Now, the trans-national road is imaginary. It does not exist here," said
Lunminthang Haokip, a senior state government official for Moreh's
Chandel district. "The Look East policy is no more than power-point
presentations in Delhi."
The
complaint is voiced often here by residents in Manipur who have suffered
decades of rights abuses under draconian emergency powers including
"shoot-to-kill" orders aimed at curtailing the insurgencies.
Residents
say New Delhi acts like a colonial power, with much of its mistrust of
the region stemming from its relative proximity to China.
"The
overwhelming presence of military, paramilitary and police officers
contributed to the impression that Imphal was under military
occupation," the U.S. embassy cable said. "The Indian civil servants
were also clearly frustrated with their inability to stem the growing
violence and anarchy in the state, feeling their efforts to effectively
control the insurgencies was hamstrung by local politicians either in
league with or at least through corruption, helping to finance the
insurgents."
India, which fought a
border war in 1962 with China, has watched with mounting concern as
Beijing steadily increases its influence around the rim of the Indian
Ocean.
"You can't leave the whole
region under an iron curtain just because they look Chinese," said
rights activist Babloo Loitongbam, in a restaurant left dark by one of
the chronic power cuts in Imphal. "You have to constantly prove you are
not anti-national.
Ten years ago
India's foreign minister proposed reopening a World War Two highway to
the north of Manipur called the Stilwell Road, which connects India's
far eastern region, known as the Northeast, with Myanmar and China.
Worried
that the road risked strengthening China's influence and the flow of
militants and arms to the region, India dragged its feet and Myanmar
turned to China's Yunnan Construction Engineering Group instead. India
also missed out on the natural gas from two fields in Myanmar it has a
stake in, when the government chose to pipe it to China.
During
long years of self-imposed isolation, Myanmar's only major economic
partner was China.
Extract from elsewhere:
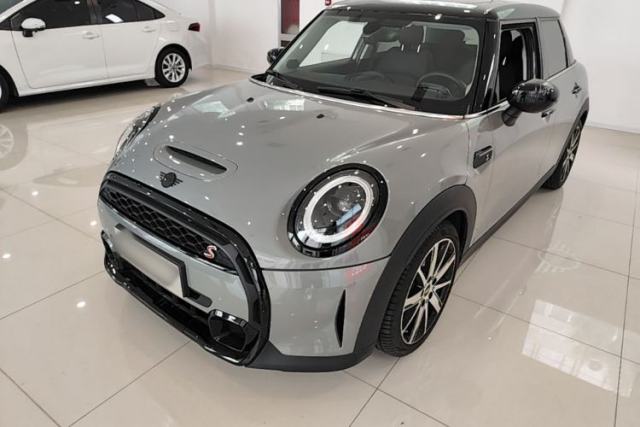 Used MINI 2022 Updated 2.0T COOPER S Classic Edition Five-Door Version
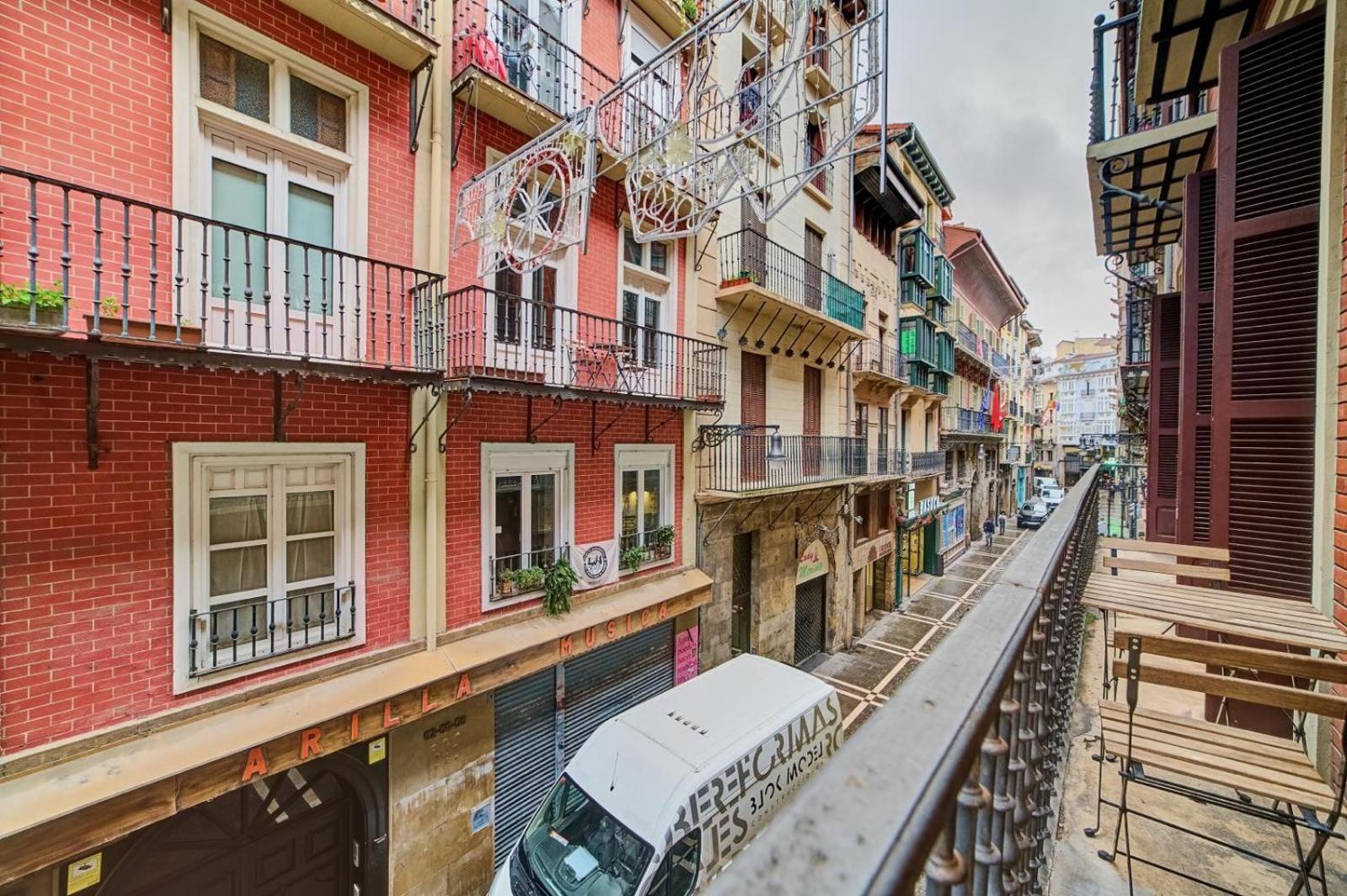 팜플로나 Apartamento Boutique Centro Zapateria 45 아파트 외부 사진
India realised in the 1990s that Chinese investment
in Myanmar's military and infrastructure was giving Beijing a strategic
advantage in a nation that borders five countries, straddles busy Bay of
Bengal shipping lanes and has large oil and gas reserves.
New
Delhi quietly dropped its backing for the opposition party of Nobel
peace laureate Aung San Suu Kyi, who went to school and university in
India.
Ties have strengthened
since then, with President Thein Sein just the latest of Myanmar's
leaders to call on New Delhi on a visit to India last year.
Rajiv
Bhatia, who was India's ambassador to Myanmar until 2005. says India is
still more concerned with its South Asian neighbours, including
Bangladesh and Pakistan, and could miss the moment.
"In
pure geopolitical terms, Myanmar is hugely important to India. We are
now getting a historic opportunity to recover our relationship," he
said. " But it is still not a priority for our politicians."